Reden van de impulsaankoop
Tegelijkertijd was in de journalistiek snelheid van nieuws (tekst en beeld) al een belangrijk gegeven geworden. Hoe sneller de krant en het journaal nieuws van de andere kant van de wereld kon verslaan hoe beter. Fantastisch dat dat voor consumenten rond 2000 ook al bereikbaar werd. Want die impulsaankoop had een reden. Het doel van de reis was ons eerste adoptiekind ophalen. Het leek geweldig om het thuisfront direct te kunnen voorzien van onze bijzondere belevenissen in tekst en beeld; vandaag beleefd, dezelfde dag nog verstuurd. Anno 2021 heel normaal, maar toen nog heel bijzonder. Dus de laptop en cardreader gingen ook mee. Geen fotorolletjes ontwikkelen als je weer thuis was. Nee, deze werden digitaal met tekst opgemaakt en meteen verstuurd naar het thuisfront. Er was wel een maar. Een verbinding om de tekstdocumenten met foto’s te versturen was lastig. Wifi bestond nog niet, alleen de dure hotels hadden sóms bekabeld internet, en anders werd het dus noodgedwongen een Internetcafé bezoeken: nu hilarisch, toen dramatisch!
Ruis, ruis, ruis
Terug naar de straatfotografie. In China ontdekte ik toen de straatfotografie. Bijzondere ontmoetingen met mensen op straat. Twee blanke westerlingen met een Chinees kind? Wat is dat? Hoe zit dat? Verbazing alom. Daardoor kregen we extra veel bekijks en aanspraak. Met een beetje Chinese taal paraat en verder veel gebaren kwamen twee culturen nader tot elkaar. En was er alle tijd om de mensen rustig digitaal te vereeuwigen. Met de juiste timing en vriendelijke lach kwamen de bevroren momenten vanzelf; stills uit een live documentaire. Bij veel foto’s valt de verbazing van de Chinezen af te lezen, of het meeleven, of de nieuwsgierigheid…?
Maar… De eerste straatfoto’s uit die digitale puberjaren hadden nogal wat ruis, zeker bij matige lichtomstandigheden. Ook waren ze lang niet allemaal even scherp, de scherpstelling van de Minolta liet vaak te wensen over. Ook stond deze camera bekend om zijn trage opstarten, dat leek soms vele langzame seconden te duren, met als resultaat dat het fotogenieke beeld soms al weer vervlogen was…

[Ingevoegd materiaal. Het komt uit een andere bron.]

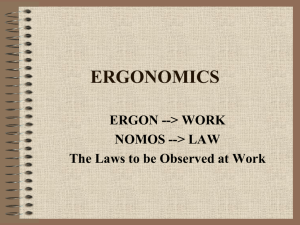 INTRODUCTION TO ERGONOMICS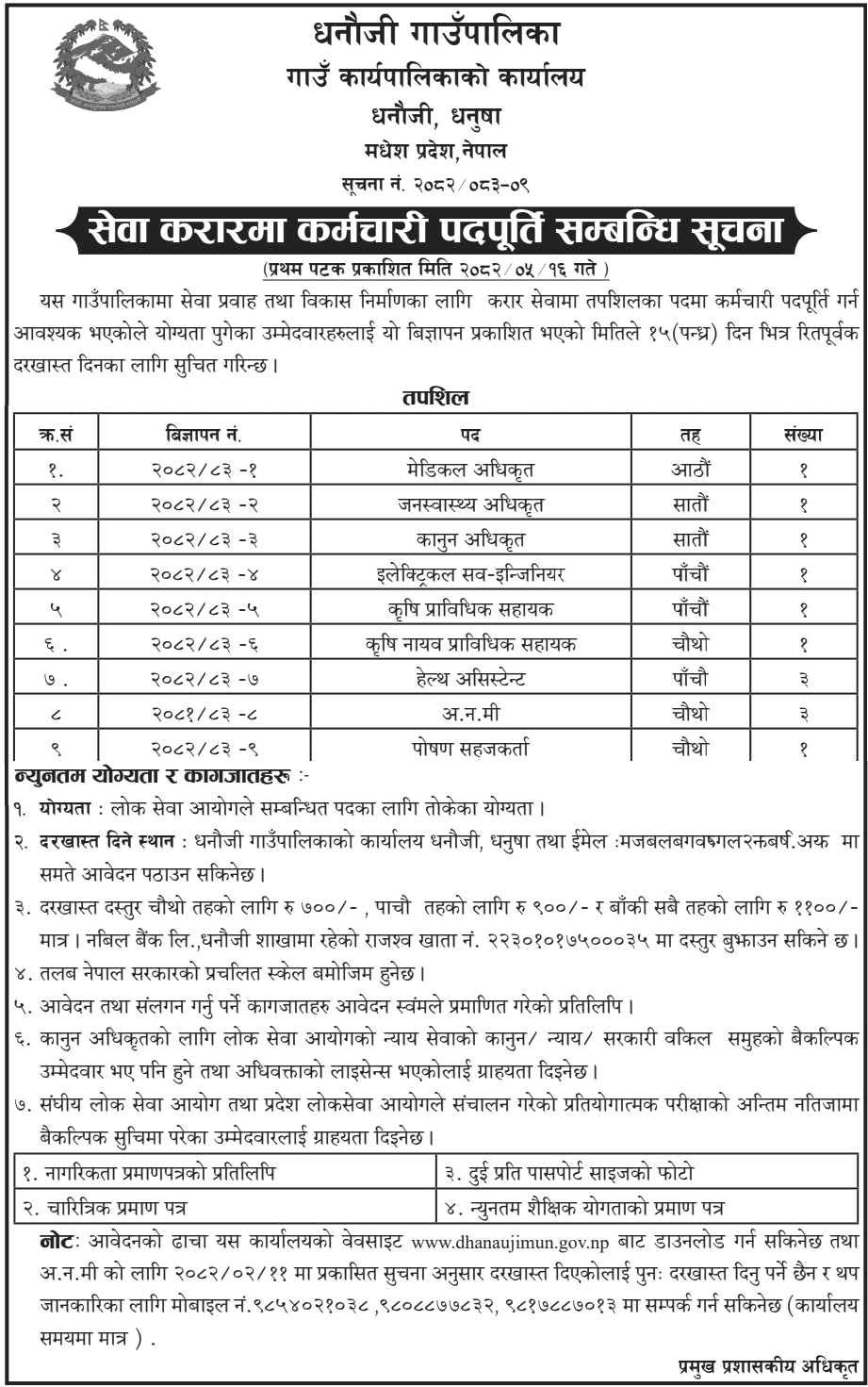 Dhanauji Rural Municipality Service Contract Vacancy 2082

Nog jaren heeft het toestel goed dienst gedaan. Alle foto’s van toen zijn afgedrukt in een fotoboek met de titel Betrapt! Met de afmeting van 20×30 cm wordt de beperkte kwaliteit duidelijk zichtbaar, veel korrel en minder scherp. Maar eerlijk, wat heeft dat een charme. De eerste digitale foto’s zijn wat mij betreft retro geworden. Met dit verschil: dat de ‘negatieven’ niet beschimmelen of verkleuren.